Material provided:

>>>>

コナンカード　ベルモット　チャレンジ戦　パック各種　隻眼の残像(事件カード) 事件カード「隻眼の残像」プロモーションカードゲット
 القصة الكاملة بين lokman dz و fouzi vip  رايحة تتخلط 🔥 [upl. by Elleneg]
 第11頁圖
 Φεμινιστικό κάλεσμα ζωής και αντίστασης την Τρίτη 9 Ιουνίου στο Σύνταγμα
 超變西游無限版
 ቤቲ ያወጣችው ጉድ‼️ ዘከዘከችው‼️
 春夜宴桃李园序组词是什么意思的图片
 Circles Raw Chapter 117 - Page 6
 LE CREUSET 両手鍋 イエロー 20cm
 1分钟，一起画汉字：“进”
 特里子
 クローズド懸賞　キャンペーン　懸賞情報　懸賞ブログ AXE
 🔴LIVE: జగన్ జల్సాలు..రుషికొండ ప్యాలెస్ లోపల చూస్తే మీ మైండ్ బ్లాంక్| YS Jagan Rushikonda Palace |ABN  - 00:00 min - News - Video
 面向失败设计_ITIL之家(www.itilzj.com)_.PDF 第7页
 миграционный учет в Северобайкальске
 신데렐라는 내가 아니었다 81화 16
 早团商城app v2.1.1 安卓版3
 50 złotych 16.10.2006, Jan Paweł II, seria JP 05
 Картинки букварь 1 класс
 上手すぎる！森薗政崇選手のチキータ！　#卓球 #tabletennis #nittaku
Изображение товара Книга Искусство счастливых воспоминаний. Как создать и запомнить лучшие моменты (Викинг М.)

<<<<

Your assignment: The material above must be output in full. Keep every word as it is.

Answer to the exercise:
コナンカード　ベルモット　チャレンジ戦　パック各種　隻眼の残像(事件カード) 事件カード「隻眼の残像」プロモーションカードゲット
 القصة الكاملة بين lokman dz و fouzi vip  رايحة تتخلط 🔥 [upl. by Elleneg]
 第11頁圖
 Φεμινιστικό κάλεσμα ζωής και αντίστασης την Τρίτη 9 Ιουνίου στο Σύνταγμα
 超變西游無限版
 ቤቲ ያወጣችው ጉድ‼️ ዘከዘከችው‼️
 春夜宴桃李园序组词是什么意思的图片
 Circles Raw Chapter 117 - Page 6
 LE CREUSET 両手鍋 イエロー 20cm
 1分钟，一起画汉字：“进”
 特里子
 クローズド懸賞　キャンペーン　懸賞情報　懸賞ブログ AXE
 🔴LIVE: జగన్ జల్సాలు..రుషికొండ ప్యాలెస్ లోపల చూస్తే మీ మైండ్ బ్లాంక్| YS Jagan Rushikonda Palace |ABN  - 00:00 min - News - Video
 面向失败设计_ITIL之家(www.itilzj.com)_.PDF 第7页
 миграционный учет в Северобайкальске
 신데렐라는 내가 아니었다 81화 16
 早团商城app v2.1.1 安卓版3
 50 złotych 16.10.2006, Jan Paweł II, seria JP 05
 Картинки букварь 1 класс
 上手すぎる！森薗政崇選手のチキータ！　#卓球 #tabletennis #nittaku
Изображение товара Книга Искусство счастливых воспоминаний. Как создать и запомнить лучшие моменты (Викинг М.)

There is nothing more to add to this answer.